Get a short tailed betta or a large female betta... A paradise fish or gourami will do as well.


----------



## Batch (May 10, 2007)

*What do I do with so much guppy fry*

I put them in my small pond with the comets. yum-yum

Batch


----------



## frogmanjared (Feb 21, 2008)

A red eared slider wouldn't be the best choice. First of all, they get huge, very fast. As they mature, they tend to become more vegetarian and less of a predator... so you can't have any live plants in your tank :icon_sad: . That's why I'm moving my RES to a plastic pond and turning my 75 gal into a beautiful planted aquarium.


----------



## kana (Oct 23, 2007)

Can you give them to your LFS?

My female betta wants to come live in your all-you-can-eat 10 gallon tank!


----------



## EricSilver (Feb 23, 2004)

dekstr said:


> I bought a betta for $5 today.


You've only had it for one day. 

Let it settle in; get hungry; don't feed it; and then watch how fast the guppies disappear. (If your tank was larger, I'd suggest an angel fish.)


----------



## psybock (Jan 12, 2007)

Well, guppy fry are one of my conditioning foods for breeding bettas. Like Eric said, give it a few days and they'll start munching, every betta I have (around 20 of them) enjoy the chase of finding guppies, then again, my mom's betta is in a 10 gallon with 5 baby guppies and doesn't touch them, of course he's very low key as well. At any rate, give it time and starve the fish a little, you'll see very quickly how fast they disappear. Also about the comment of feeding well, I have feeder guppies (about adult 15 pairs) that share a tank with a swarm of babies (about 150) and don't seem to snack on them, of course I feed them well to keep the babies coming and keep them from munching...

Kevin


----------



## dekstr (Oct 23, 2007)

Great comments everyone!

Yes I will commence starving my betta for a few days starting now. 

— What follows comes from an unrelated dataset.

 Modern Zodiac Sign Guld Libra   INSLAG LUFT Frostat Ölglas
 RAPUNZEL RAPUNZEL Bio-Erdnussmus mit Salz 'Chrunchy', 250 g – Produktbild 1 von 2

Just wondering though--will exclusively feeder guppy fry as betta food provide complete nutrition?


----------



## lauraleellbp (Feb 3, 2008)

Nope. Not complete. I'd still feed some betta pellets at least once a week.


----------



## dekstr (Oct 23, 2007)

lauraleellbp said:


> Nope. Not complete. I'd still feed some betta pellets at least once a week.


Oh alright, thanks. I don't have any betta pellets! Way to plan ahead eh? lol


----------



## lauraleellbp (Feb 3, 2008)

No biggie- most bettas aren't picky. If yours will eat flakes that's good too (mine never would eat flakes- only pellets- the snobs!). Same with most other fish- variety is better than any one food.


----------



## EricSilver (Feb 23, 2004)

lauraleellbp said:


> No biggie- most bettas aren't picky.


Wow -- mine must have been true snobs since they would not touch anything but live worms, or frozen mosquito larvae.


----------



## EricSilver (Feb 23, 2004)

dekstr said:


> Just wondering though--will exclusively feeder guppy fry as betta food provide complete nutrition?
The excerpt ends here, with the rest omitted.